[Task description]: Leaving the pictures aside, transcribe every line below exactly.
START Records shown
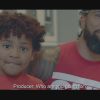 Filename=WWE_Chronicle_S01E21_Jey_Uso_1080p_WEB_h264-HEEL_mp41495.jpg
Filesize=100KiB
Dimensions=1920x1088
Date added=Sep 27, 2020 WWE_Chronicle_S01E21_Jey_Uso_1080p_WEB_h264-HEEL_mp41495.jpg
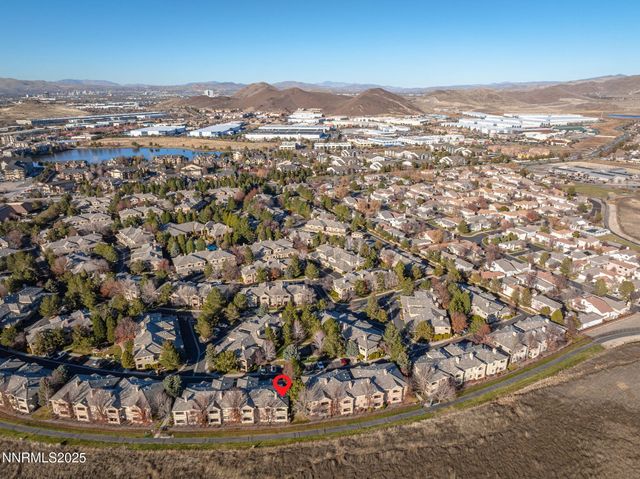 900 S Meadows Parkway 4321, Reno, NV 89521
END Records shown
[Answer area]:
 Filename=WWE_Chronicle_S01E21_Jey_Uso_1080p_WEB_h264-HEEL_mp41495.jpg
Filesize=100KiB
Dimensions=1920x1088
Date added=Sep 27, 2020 WWE_Chronicle_S01E21_Jey_Uso_1080p_WEB_h264-HEEL_mp41495.jpg
 900 S Meadows Parkway 4321, Reno, NV 89521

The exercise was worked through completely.